The FashionMNIST is a typical dataset used for benchmarking in computer vision and it exists in the `torchvision.datasets` library, hence we will load it from there. In real world applications where we have our own data we have to load them from a storage space or an online source.

In [None]:
# Set-up training data - Look at the data folder that will be created and its contents
train_data = datasets.FashionMNIST(
    root="data",  # location where the downloaded data should be stored
    train=True,  # get the training data
    download=True,  # download the data in the right folder if they don't already exist
    transform=ToTensor(),  # transform images from PIL format to Torch tensors
    target_transform=None,  # apply transformation to labels
)

# Setup testing data
test_data = datasets.FashionMNIST(
    root="data", train=False, download=True, transform=ToTensor()  # get the test data
)

In [None]:
# Check the size of the train and test data
len(train_data.data), len(train_data.targets), len(test_data.data), len(test_data.targets)

In [None]:
# Look at the type of the train and test data
print(type(train_data))
print(type(test_data))

Both datasets have the type `torch.dataset`.
This type stores the samples and their corresponding labels.

In [None]:
# What are the available 10 classes of garments?
class_names = train_data.classes
class_names

In [None]:
# Let's look at the type of a sample image, its content and its shape
image, label = train_data[0]
image, label

print("The type of the image is a tensor:", type(image))
print(image)
print(label)

print(image.shape)


In [None]:
# Let's visualise one image
image, label = train_data[3]
plt.imshow(image.squeeze(), cmap="gray")
plt.title(class_names[label])

### Create the dataloaders

The `torch.dataset` type stores the samples and their corresponding labels. However, while training a model we need to be able to handle it efficiently e.g. iterate over it and split it in batches.

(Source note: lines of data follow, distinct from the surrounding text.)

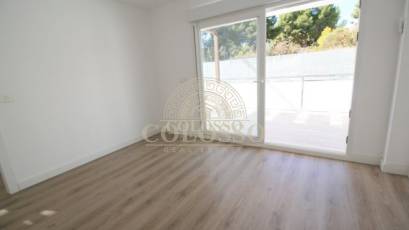 New Build - Chalet -
La Nucía - Mercadona Avda. Coloma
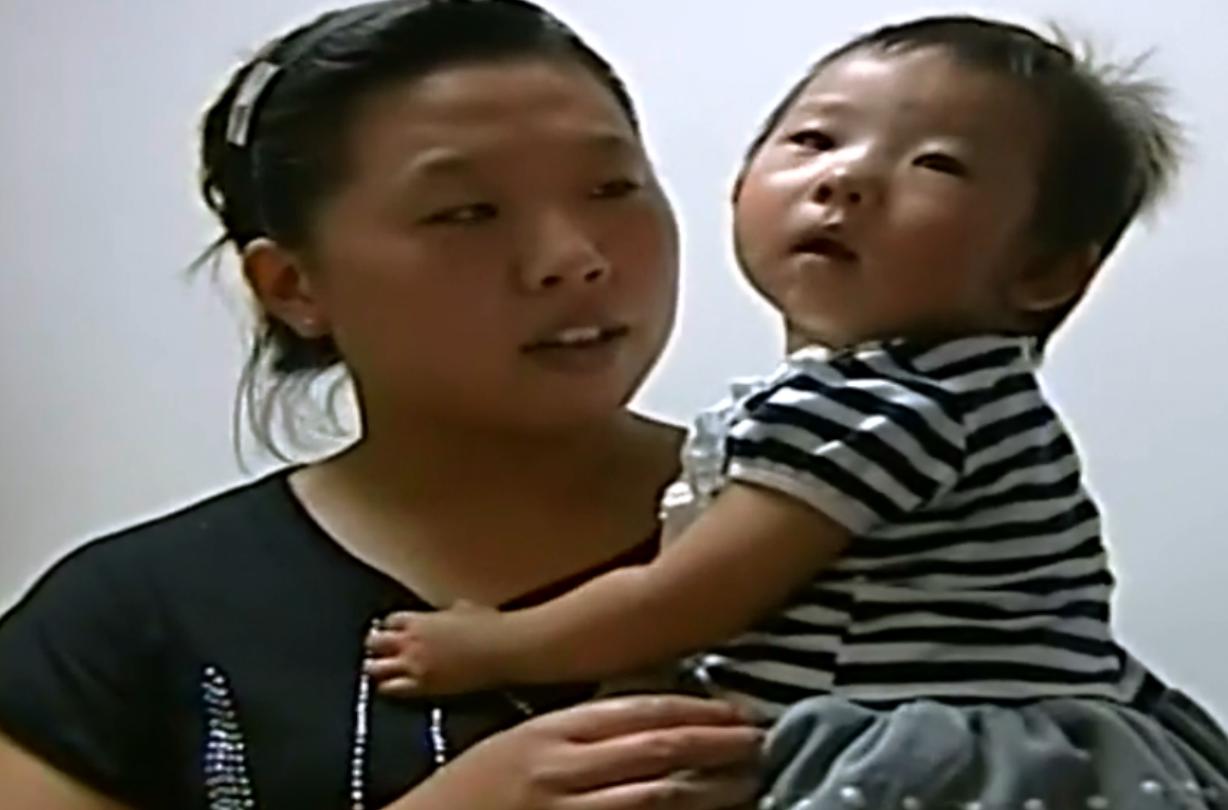 沈阳被殴打青年男女法院如何判决,辽宁两青年遭殴打判决结果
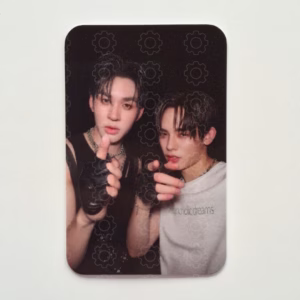 DMD LAND 3 (DEXX): AUAU&POR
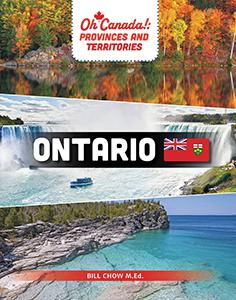 Ontario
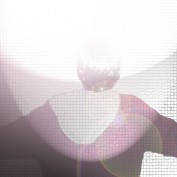 coolwillnoon profile image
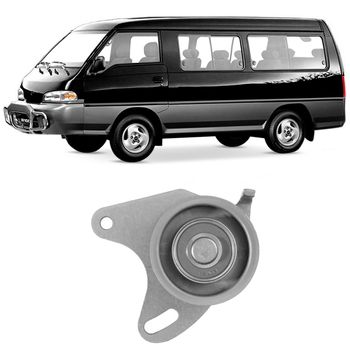 tensor-correia-dentada-hyundai-h100-h1-hr-2-5-8v-gates-t42129-hipervarejo-2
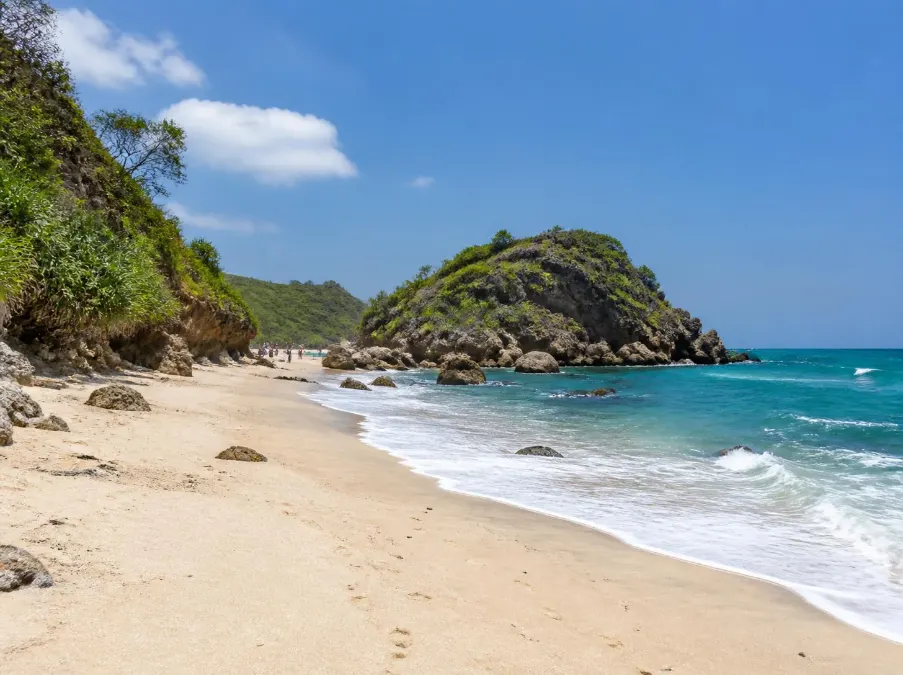 Panduan Wisata Keluarga ke Yogyakarta: Persiapan hingga Itinerary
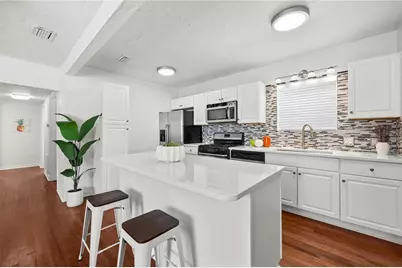 1316 NE 9th Street, Gainesville, FL 32601 - Photo 6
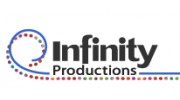 Video Production in Sunnyvale, CA
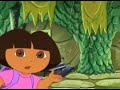 Dora The Explorer Dora S Fairytale Adventure Part Seven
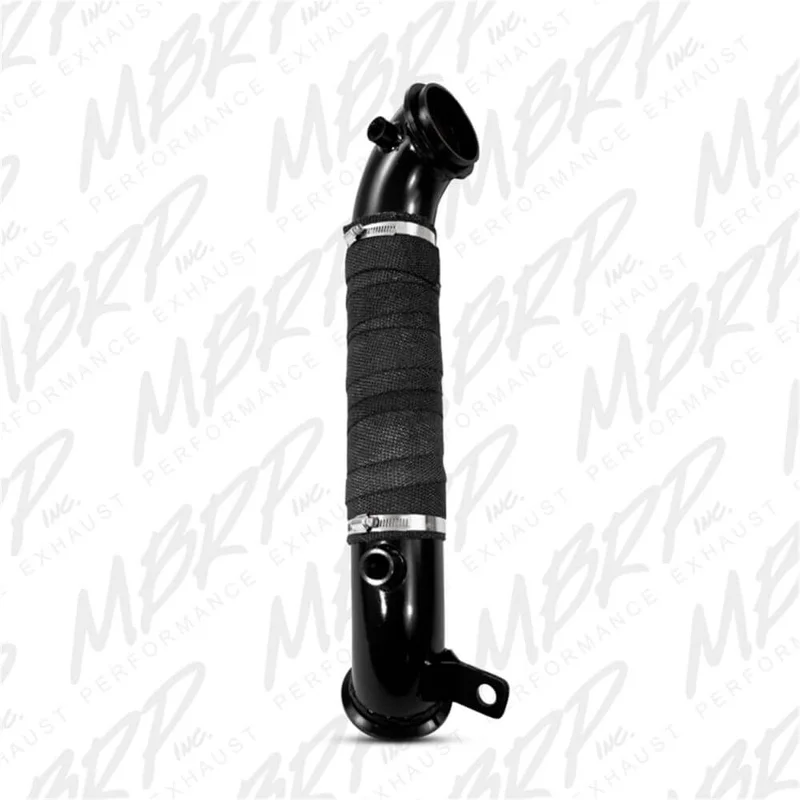 automotivestuff-1202606252011082488374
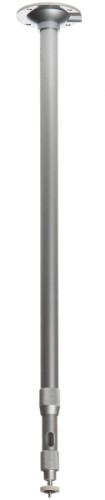 3fca4e1f379b7fca339d05ceae51920d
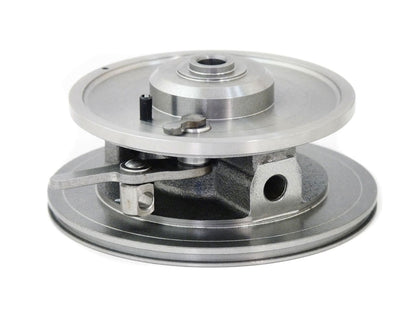 Bearing housing BW-01-0049
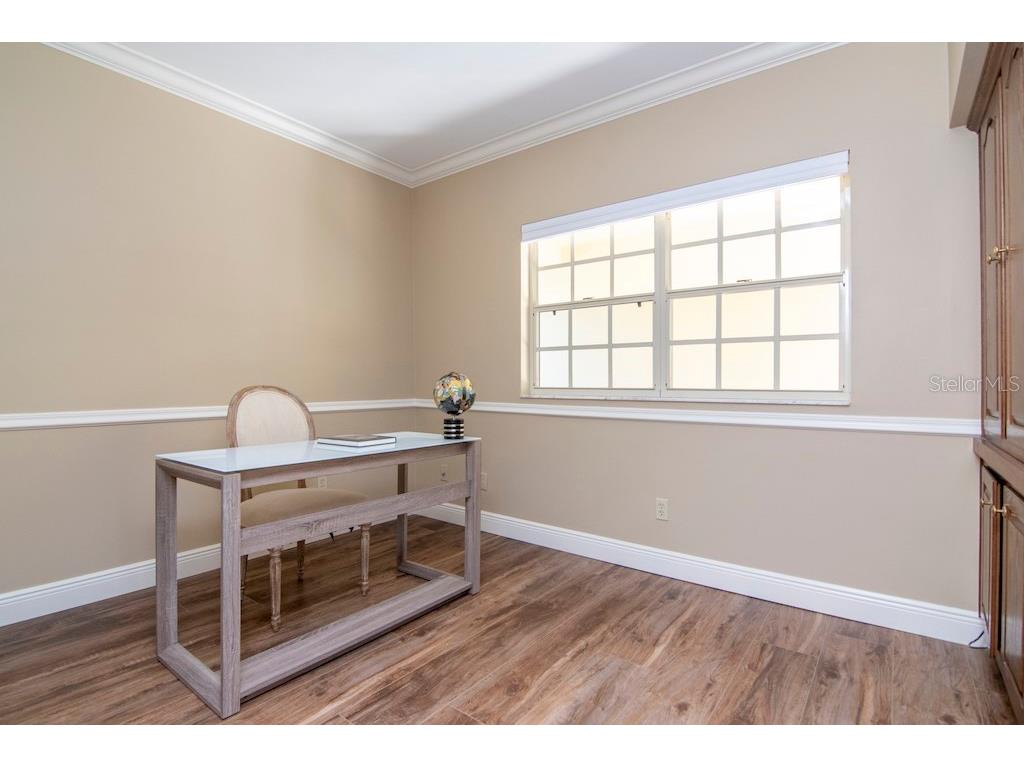 1002 S Harbour Island Boulevard #1302 Tampa FL 33602 TB8441963 image33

Hence, we convert the Dataset to a Dataloader. A DataLoader wraps an iterable around the Dataset to enable easy access to the samples and help with the internal processing that happens in PyTorch.

In [None]:
from torch.utils.data import DataLoader

# Setup the batch size hyperparameter
BATCH_SIZE = 32

# Turn datasets into iterables (batches)
train_dataloader = DataLoader(
    train_data,  # dataset to turn into iterable
    batch_size=BATCH_SIZE,  # how many samples per batch?
    shuffle=True,  # shuffle data every epoch?
)

test_dataloader = DataLoader(
    test_data,
    batch_size=BATCH_SIZE,
    shuffle=False,  # don't necessarily have to shuffle the testing data
)

In [None]:
# Let's check out what we've created
print(f"Dataloaders: {train_dataloader, test_dataloader}")
print(f"Length of train dataloader: {len(train_dataloader)} batches of {BATCH_SIZE}")
print(f"Length of test dataloader: {len(test_dataloader)} batches of {BATCH_SIZE}")

In [None]:
# Check out what's inside the training dataloader
train_features_batch, train_labels_batch = next(iter(train_dataloader))
train_features_batch.shape, train_labels_batch.shape

## Step 3. Modelling

### a. Identify the available device

Deep learning models perform thousands of computations and require high speed. GPUs (Graphics Processing Unit) enable multiple, simultaneous computations and speed up the training process. Hence, we need to check if a GPU is available so as to use it, else we proceed with our CPU.

**Note:**

In the simple examples of the widely used benchmark datasets and simple models training on a CPU will be completed quite quickly. In real-world problems training even on a GPU might require hours or even days so performing this on a CPU would be inefficient and time-consuming, and could even fail.

In [None]:
# Setup device agnostic code
import torch
device = "cuda" if torch.cuda.is_available() else "cpu"
device

### b. Define the model

First, for illustrative purposes, in the cell below we define a very very simple model (would never be used in real life problems) that consists of a single layer to see how passing the input through a layer affects its shape. Next, we will create a 'more complex' model.

In [None]:
# Create a flatten layer
flatten_model = (
    nn.Flatten()
)  # all nn modules function as a model (can do a forward pass)

# Get a single sample
x = train_features_batch[0]

# Flatten the sample
output = flatten_model(x)  # perform forward pass

# Print out what happened
print(f"Shape before flattening: {x.shape} -> [color_channels, height, width]")
print(f"Shape after flattening: {output.shape} -> [color_channels, height*width]")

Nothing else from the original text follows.